Please write out, exactly as given, every line of the entries below up to and including the line with "2715 Sandy Lake Drive, Kingwood, TX 77339".

━━━━━ MATERIAL TO PROCESS

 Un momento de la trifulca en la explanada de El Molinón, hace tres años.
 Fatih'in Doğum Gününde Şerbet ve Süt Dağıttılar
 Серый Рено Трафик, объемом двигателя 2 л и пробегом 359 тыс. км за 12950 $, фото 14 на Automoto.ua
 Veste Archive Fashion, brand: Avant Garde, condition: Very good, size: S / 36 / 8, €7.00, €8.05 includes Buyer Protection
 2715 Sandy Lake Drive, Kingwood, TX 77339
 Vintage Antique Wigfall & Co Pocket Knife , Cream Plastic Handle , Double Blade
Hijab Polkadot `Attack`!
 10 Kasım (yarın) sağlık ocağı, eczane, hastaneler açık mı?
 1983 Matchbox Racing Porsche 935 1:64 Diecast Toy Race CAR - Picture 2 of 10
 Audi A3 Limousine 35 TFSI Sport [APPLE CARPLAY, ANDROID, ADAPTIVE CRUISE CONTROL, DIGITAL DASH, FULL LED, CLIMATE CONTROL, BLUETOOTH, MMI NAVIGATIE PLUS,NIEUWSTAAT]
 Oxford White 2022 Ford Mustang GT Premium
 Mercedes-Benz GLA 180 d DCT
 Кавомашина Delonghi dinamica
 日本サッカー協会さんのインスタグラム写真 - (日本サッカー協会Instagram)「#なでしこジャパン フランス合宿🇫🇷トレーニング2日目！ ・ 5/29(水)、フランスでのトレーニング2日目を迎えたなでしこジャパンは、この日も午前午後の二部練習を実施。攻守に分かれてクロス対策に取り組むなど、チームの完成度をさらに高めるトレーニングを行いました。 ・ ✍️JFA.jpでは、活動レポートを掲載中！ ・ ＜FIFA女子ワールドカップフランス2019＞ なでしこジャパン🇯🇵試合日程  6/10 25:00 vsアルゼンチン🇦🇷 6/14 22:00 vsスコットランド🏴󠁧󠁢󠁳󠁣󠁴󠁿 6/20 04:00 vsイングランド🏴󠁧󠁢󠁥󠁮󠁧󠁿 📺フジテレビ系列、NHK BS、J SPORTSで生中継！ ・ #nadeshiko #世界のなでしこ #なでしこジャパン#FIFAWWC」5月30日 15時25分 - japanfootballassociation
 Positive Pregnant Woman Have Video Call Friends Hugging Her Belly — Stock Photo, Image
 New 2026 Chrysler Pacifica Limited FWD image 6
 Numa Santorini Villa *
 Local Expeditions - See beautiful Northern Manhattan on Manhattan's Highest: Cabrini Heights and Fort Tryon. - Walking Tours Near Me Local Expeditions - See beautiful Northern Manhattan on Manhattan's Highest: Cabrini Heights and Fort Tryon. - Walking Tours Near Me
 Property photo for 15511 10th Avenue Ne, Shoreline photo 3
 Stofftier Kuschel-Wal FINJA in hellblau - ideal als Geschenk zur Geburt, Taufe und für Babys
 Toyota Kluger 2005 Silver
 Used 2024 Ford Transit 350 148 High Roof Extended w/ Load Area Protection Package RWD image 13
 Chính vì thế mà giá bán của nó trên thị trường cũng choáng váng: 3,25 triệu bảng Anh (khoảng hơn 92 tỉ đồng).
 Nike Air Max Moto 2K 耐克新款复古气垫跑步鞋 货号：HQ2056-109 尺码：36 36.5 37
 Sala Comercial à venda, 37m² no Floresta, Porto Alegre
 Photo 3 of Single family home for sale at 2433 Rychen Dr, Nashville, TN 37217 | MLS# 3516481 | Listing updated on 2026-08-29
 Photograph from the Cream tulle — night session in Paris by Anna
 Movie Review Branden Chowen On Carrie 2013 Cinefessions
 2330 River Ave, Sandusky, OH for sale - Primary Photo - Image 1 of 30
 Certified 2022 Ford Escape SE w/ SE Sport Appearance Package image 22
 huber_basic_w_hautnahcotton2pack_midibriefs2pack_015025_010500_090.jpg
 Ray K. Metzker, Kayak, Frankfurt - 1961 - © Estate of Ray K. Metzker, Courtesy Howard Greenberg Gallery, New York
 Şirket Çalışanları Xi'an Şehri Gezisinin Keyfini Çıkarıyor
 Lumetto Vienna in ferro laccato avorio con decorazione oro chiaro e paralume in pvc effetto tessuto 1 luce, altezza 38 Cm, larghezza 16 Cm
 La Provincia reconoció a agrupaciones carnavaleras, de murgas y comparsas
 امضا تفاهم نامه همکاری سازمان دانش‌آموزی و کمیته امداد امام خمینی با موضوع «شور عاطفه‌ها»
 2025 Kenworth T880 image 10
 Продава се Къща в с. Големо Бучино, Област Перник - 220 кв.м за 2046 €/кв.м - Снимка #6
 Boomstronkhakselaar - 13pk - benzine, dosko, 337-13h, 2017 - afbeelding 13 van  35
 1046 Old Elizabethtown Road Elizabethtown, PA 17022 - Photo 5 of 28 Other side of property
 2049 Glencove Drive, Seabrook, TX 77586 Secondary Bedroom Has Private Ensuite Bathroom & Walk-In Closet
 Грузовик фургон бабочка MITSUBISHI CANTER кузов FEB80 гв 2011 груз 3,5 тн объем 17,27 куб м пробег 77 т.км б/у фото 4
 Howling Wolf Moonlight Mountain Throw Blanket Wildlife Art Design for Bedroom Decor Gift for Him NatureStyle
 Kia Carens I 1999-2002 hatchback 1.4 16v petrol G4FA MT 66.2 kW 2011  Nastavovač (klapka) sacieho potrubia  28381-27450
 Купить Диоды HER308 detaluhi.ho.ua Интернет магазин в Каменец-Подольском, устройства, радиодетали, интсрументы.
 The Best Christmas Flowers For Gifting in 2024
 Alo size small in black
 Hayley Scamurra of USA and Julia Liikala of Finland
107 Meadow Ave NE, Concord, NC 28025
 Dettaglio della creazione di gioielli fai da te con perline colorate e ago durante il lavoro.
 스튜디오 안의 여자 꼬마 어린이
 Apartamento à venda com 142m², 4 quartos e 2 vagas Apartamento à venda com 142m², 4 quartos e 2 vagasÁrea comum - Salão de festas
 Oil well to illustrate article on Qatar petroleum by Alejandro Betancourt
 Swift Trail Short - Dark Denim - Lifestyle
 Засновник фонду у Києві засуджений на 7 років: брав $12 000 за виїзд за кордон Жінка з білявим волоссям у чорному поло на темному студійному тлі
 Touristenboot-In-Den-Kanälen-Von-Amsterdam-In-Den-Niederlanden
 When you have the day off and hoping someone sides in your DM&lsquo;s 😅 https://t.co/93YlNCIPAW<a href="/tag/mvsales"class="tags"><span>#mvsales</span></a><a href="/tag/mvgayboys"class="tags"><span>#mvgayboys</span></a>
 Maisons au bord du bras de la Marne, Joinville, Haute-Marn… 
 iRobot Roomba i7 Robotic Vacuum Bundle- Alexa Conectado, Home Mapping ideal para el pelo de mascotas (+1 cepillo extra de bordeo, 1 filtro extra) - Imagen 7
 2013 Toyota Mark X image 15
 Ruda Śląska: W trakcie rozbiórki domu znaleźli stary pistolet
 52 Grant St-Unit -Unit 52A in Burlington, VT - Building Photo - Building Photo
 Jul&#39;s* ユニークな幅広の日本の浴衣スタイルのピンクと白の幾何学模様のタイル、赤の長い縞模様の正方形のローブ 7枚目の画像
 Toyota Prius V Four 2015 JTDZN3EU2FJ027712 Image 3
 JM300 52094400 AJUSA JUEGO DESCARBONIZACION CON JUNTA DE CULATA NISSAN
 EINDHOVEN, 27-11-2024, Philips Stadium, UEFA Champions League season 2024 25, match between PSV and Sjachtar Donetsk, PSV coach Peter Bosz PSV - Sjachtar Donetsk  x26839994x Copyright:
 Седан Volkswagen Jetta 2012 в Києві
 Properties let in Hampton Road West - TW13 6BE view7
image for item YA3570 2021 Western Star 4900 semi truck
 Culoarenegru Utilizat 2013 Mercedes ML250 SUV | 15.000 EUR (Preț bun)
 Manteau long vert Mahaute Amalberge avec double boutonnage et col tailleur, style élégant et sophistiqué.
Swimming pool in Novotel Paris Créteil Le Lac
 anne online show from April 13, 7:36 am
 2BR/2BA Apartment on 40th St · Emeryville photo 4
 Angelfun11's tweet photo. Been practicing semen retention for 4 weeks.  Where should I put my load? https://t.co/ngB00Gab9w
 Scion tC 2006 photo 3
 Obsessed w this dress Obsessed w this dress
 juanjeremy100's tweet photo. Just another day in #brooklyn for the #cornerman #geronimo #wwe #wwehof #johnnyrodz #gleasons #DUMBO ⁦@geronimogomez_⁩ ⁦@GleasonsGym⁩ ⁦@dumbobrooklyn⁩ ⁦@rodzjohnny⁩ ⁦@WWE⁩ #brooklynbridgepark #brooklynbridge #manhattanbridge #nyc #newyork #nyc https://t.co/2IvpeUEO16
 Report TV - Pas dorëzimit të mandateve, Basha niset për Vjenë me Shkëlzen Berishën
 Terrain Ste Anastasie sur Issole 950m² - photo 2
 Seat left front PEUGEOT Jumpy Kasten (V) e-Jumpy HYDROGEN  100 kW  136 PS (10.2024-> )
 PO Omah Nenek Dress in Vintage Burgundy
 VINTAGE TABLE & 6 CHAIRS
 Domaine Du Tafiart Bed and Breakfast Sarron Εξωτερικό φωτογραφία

━━━━━━━━━━

RESULT OF THIS EXERCISE:
 Un momento de la trifulca en la explanada de El Molinón, hace tres años.
 Fatih'in Doğum Gününde Şerbet ve Süt Dağıttılar
 Серый Рено Трафик, объемом двигателя 2 л и пробегом 359 тыс. км за 12950 $, фото 14 на Automoto.ua
 Veste Archive Fashion, brand: Avant Garde, condition: Very good, size: S / 36 / 8, €7.00, €8.05 includes Buyer Protection
 2715 Sandy Lake Drive, Kingwood, TX 77339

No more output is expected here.